Fraud Watch


  • Date: 01/11/2018

A ship agent received a request from a ship owner to deliver cash to Master of US$ 45,000 during a forthcoming call. Funds were remitted and received by the ship agent.

A few days later the ship agent received a call from a supply company and then from the Master. They were told that instead of delivering the full amount to the Master, they should first deduct part of the amount as payment for fresh provisions. These would be delivered to the ship during her stay at the port.

The ship agent agreed, as it was not an unusual request, and they received written confirmation from the Master, copying-in the ship owners.

A few days later the Master confirmed the actual amount to be delivered on board as US$ 23,000 and the remaining funds should be remitted to the supply company as settlement for provisions. This email contained a preliminary delivery note signed by a ship supply company.

Later that week the ship agent received a message from the Master stating that he expected the provisions to be delivered at 18:00 hrs the same day and the messagewent on to explain the denomination of the funds required.

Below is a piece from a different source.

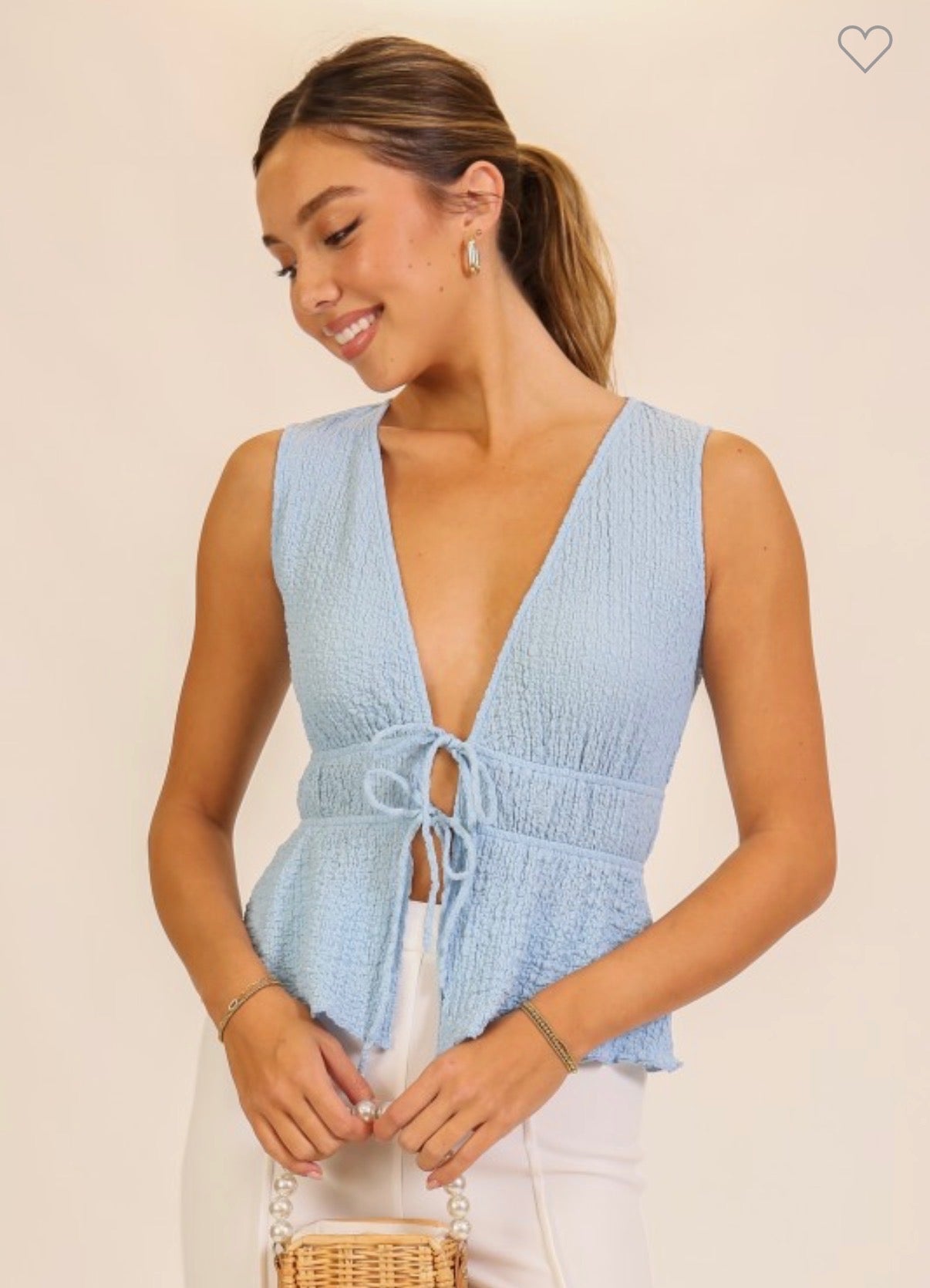 Front Tie Sleeveless Top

This email had the ship supply company in copy and was sent as a reply to previous messages regarding the provisions and cash to Master.

However, it transpired that the email was not sent from the Master, whose email address was 123@abc-fleet.com, but from 123@acb-fleet.com. This was not noticed by either the agent or the ship supply company. The ship agent received an invoice with banking details with the ship’s stamp and Master’s signature, together with the stamp and signature from the ship supply company. The email attaching the documentation appeared to have the ship supply company in copy, but in fact the email had been changed from supply@marineservices.eu to supply@marineservices-eu.com, which was also not noticed. The monies had been remitted to a party who had intercepted the communication chain and fraudulently obtained the funds.

ITIC reminds all members when transferring funds to use the telephone to check the account details with a trusted representative at the recipient’s office.